As one thinking subject facing another/others, Wang’s film alternates between tight close-ups of Mrs. Fang as she lays in bed (on her back or on her side) and medium/long shots of either the room that she occupies or the area that surrounds her house, including a river where locals frequently fish. Particularly in the case of the former, Wang and his camera are in the thick of it all, at times more so than the family members and/or neighbours who populate the room and are essentially sitting vigil at her death bed. Through close-ups, the film looks indefatigably at Mrs. Fang, expressing the intimate observation for which Wang is known. And such intimate observation is never invasive, pitying, or exploitative. For it rests on never losing sight of one as a human being above all, who in Mrs. Fang’s case is experiencing something that we all must inevitably experience, regardless of circumstances and/or condition(s). Though neither Wang/the camera nor Mrs. Fang speaks, a certain communication of empathy and dignity nevertheless takes place between them to which the spectator is made privy. And this communication is all the more crucial since the film does not provide any biographical details about Mrs. Fang until the very end.

Such meaningful communication between Mrs. Fang and the camera through the vigilant close-ups becomes more pronounced when set against the intermittent chatter that goes on around her in the room, just outside the house, and by/on the river, amongst family members and/or friends. Family members certainly attempt to communicate with her, but given that she no longer has access to words/spoken language, reactions are next to nothing. In truth, words/spoken language quickly become alienating, cold, insufficient, and superfluous in the film compared to what intangibly develops between the camera and Mrs. Fang – and by extension the spectator. That Wang chose to begin his film with no words uttered/exchanged seemingly, subtly affirms this point.
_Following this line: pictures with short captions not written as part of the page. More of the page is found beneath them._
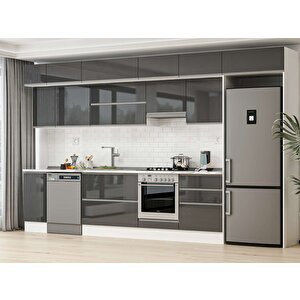 380x240 Cm High Gloss Mdf Mutfak Dolabı Beyaz Antrasıt Mb-e80s40s60-1 Antrasit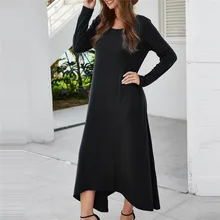 Vestido de mujer talla grande elegante Casual cuello redondo sólido suelto Irregular de manga larga de bolsillo Maxi vestido Otoño Invierno Vestidos 75(China)
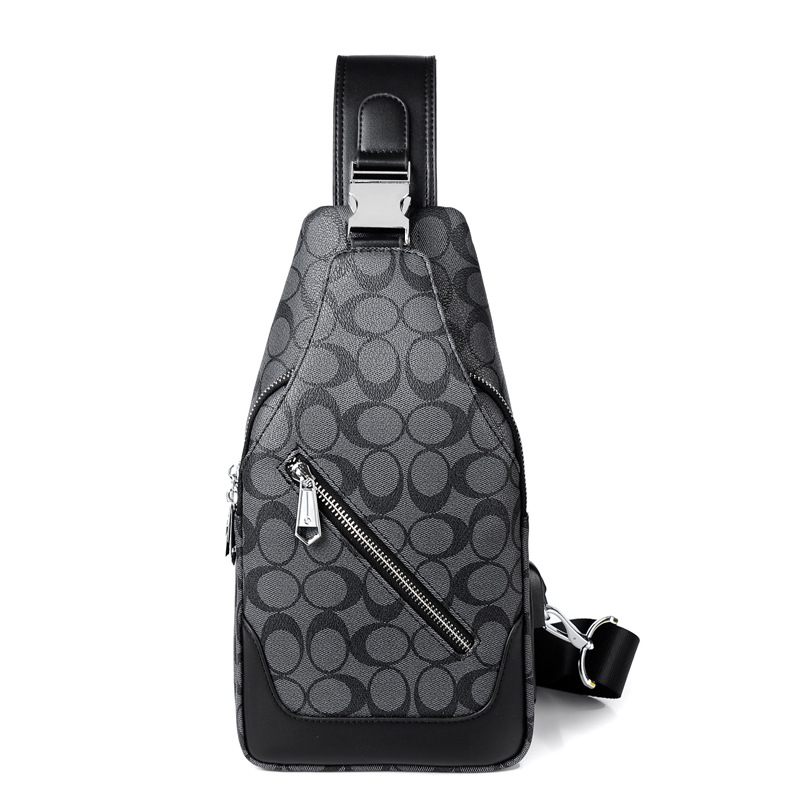 Geantă piept bărbați cu model plaid, PVC material, rezistentă la uzură, model 018A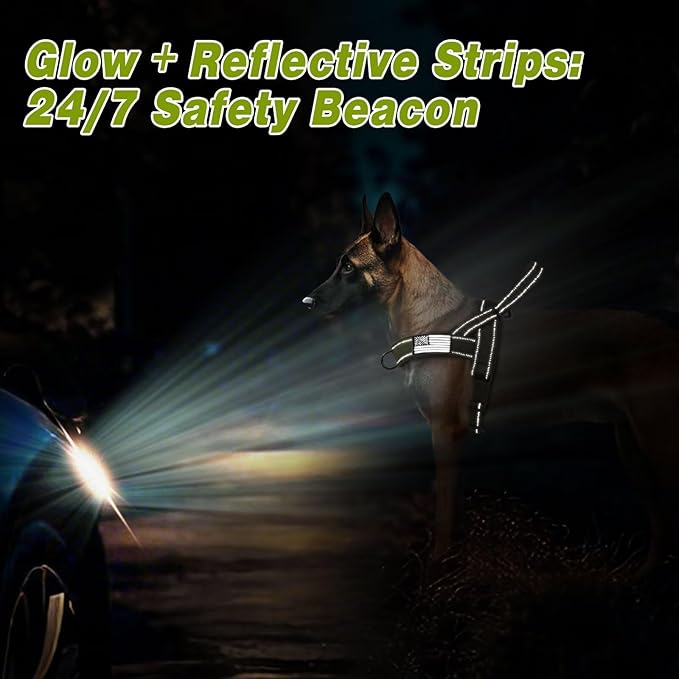 Forestpaw No Pull Dog Harness - Soft Flannel Padded Tactical Dog Vest Harness with Quick Release Buckle, Adjustable Reflective Pet Harness for Medium Dogs Walking Training,Green M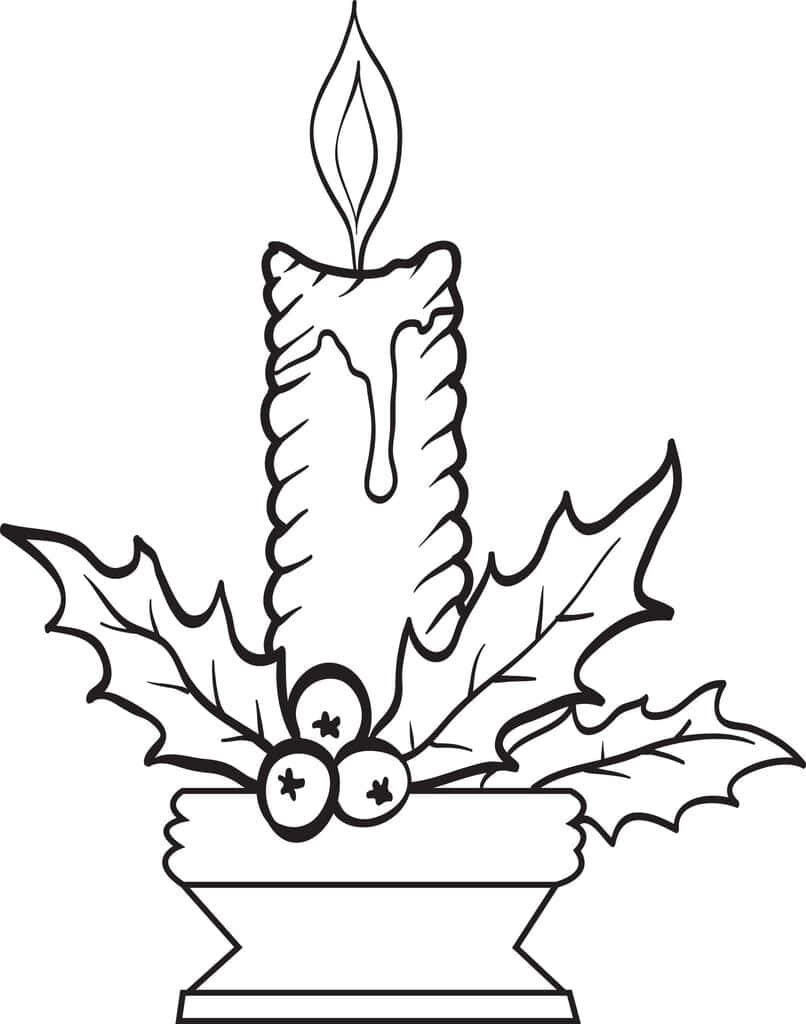Classic Holiday Candle Line Drawing Wallpaper for Coloring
Sequences filled with words/exchanges increasingly sound disjointed, even out of place. Some of these sequences are shot outside of the house, with the intention to show the spaces in which Mrs. Fang had lived most, if not all, of her life. They include scenes of men young and not so young going night fishing or conversing at an outside table about childrearing and how Mrs. Fang’s grandson should be present. Most of these sequences, however, occur around Mrs. Fang at her bed, with family members issuing forth remarks such as ‘Let’s not skimp on the funeral dinner’ and on changes in her condition, where to bury her, and the sacrifices that the family has made to care for her. As they speak, they stand around Mrs. Fang at her bed and look at her. On the one hand, the exterior sequences can also be read as demonstrating how life must inexorably go on even in the time of a loved one’s dying. On the other hand, these garrulous moments, especially around Mrs. Fang, find the family members and/or friends looking at her in a manner that is manifestly different from Wang/the camera’s, which injects a strangely entomological note to the scenes.
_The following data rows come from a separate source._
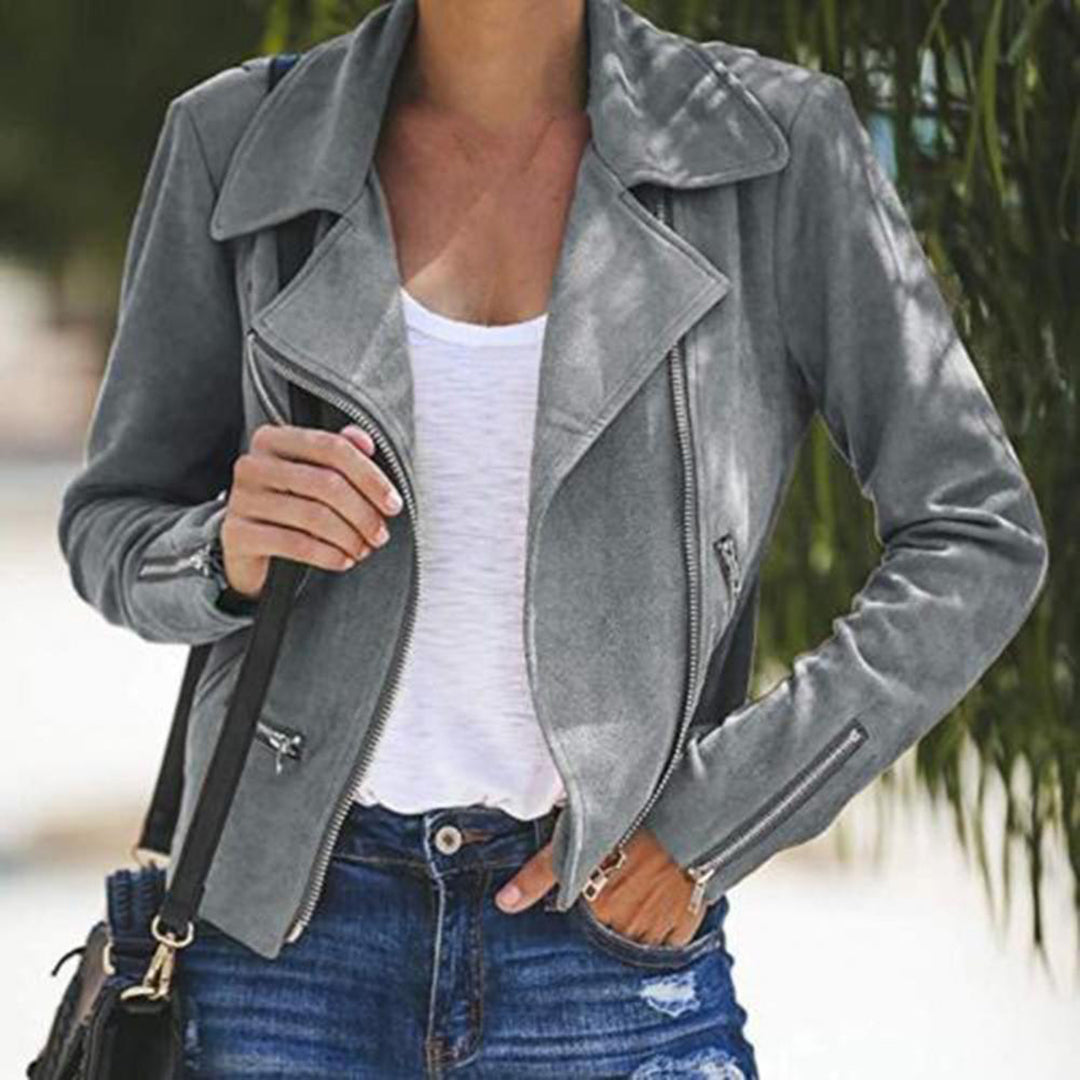 Chaqueta moto para mujer | Cremallera asimétrica
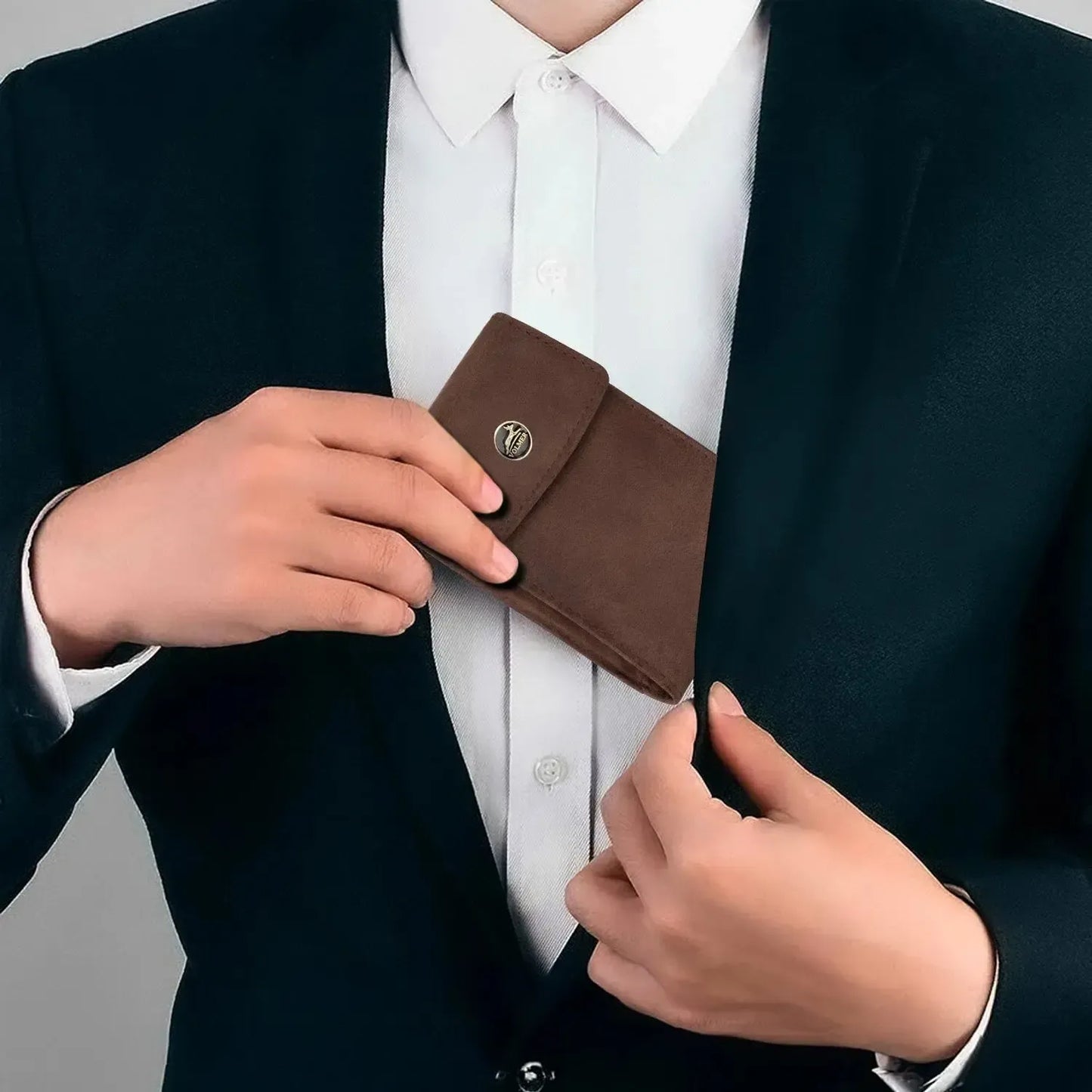 Kompakte Leder Geldbörse mit Münzfach - 9 Fächer für Karten - RFID-Schutz - inkl. Geschenkbox | VO40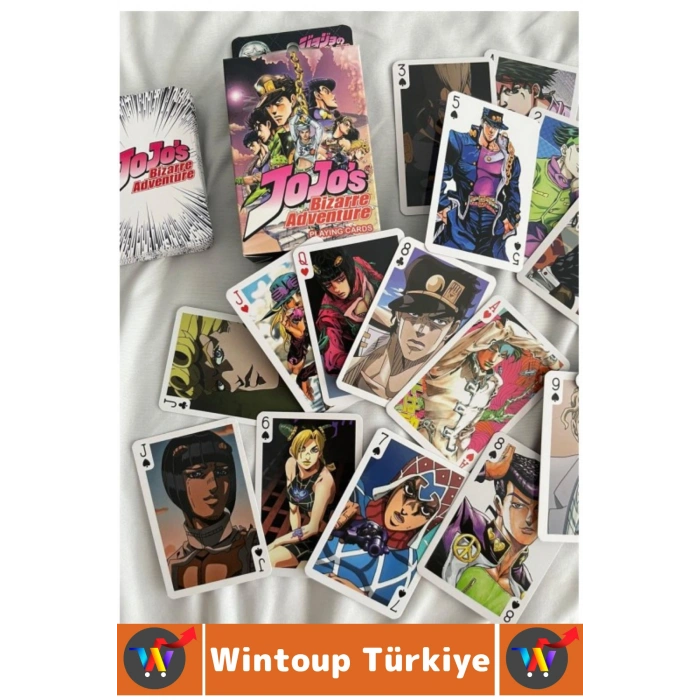 #Oyun Premium Kalite Kolay Yıpranmaz Suya Yırtılmaya Dayanıklı Koleksiyon Anime Karakter Figür Nostaljik Jojos Bizarre Adventure Kağıt Oyunu İskambil Kartları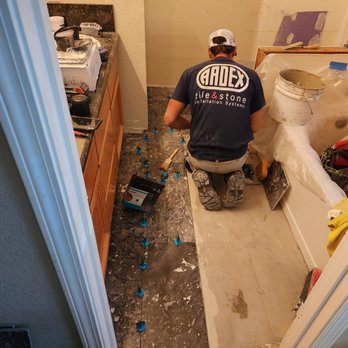 Versa Tile - Progress. He took his time and intentionally arranged tiles so the natural variation in color looked beautiful. - Tiling Near Me - Folsom, California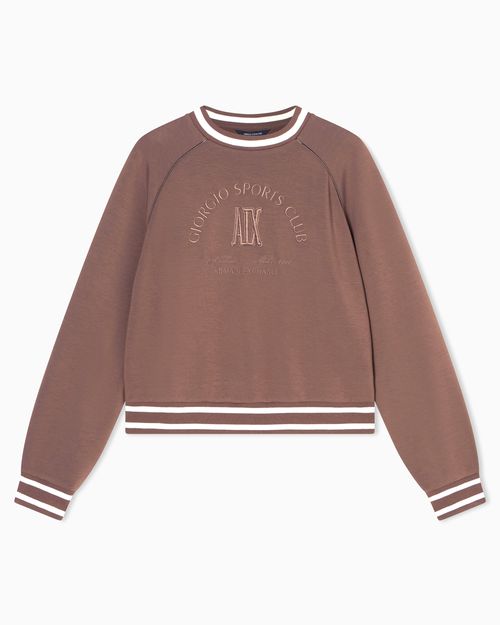 College-style crewneck sweatshirt with logo and profiles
Such a description should not be (mis)understood as a judgment. Wang is as interested in communicating silently with Mrs. Fang via the camera as capturing the communications that take place around her that are also part of the gradual process of her dying.

At bottom, there is something to be said about the empathic power of communication that can be generated between a subject and a camera, most notably one that does not involve words. This quality is in fact one of the principal, most formidable characteristics of Wang’s observational (documentary) cinema, as he usually forgoes any kind of factual information that would orient the spectator to think about the people in his films in one certain way – other than their humanness.

Mrs. Fang receives it UK premiere at the Chinese Visual Festival on May 6. It will also be shown on May 14.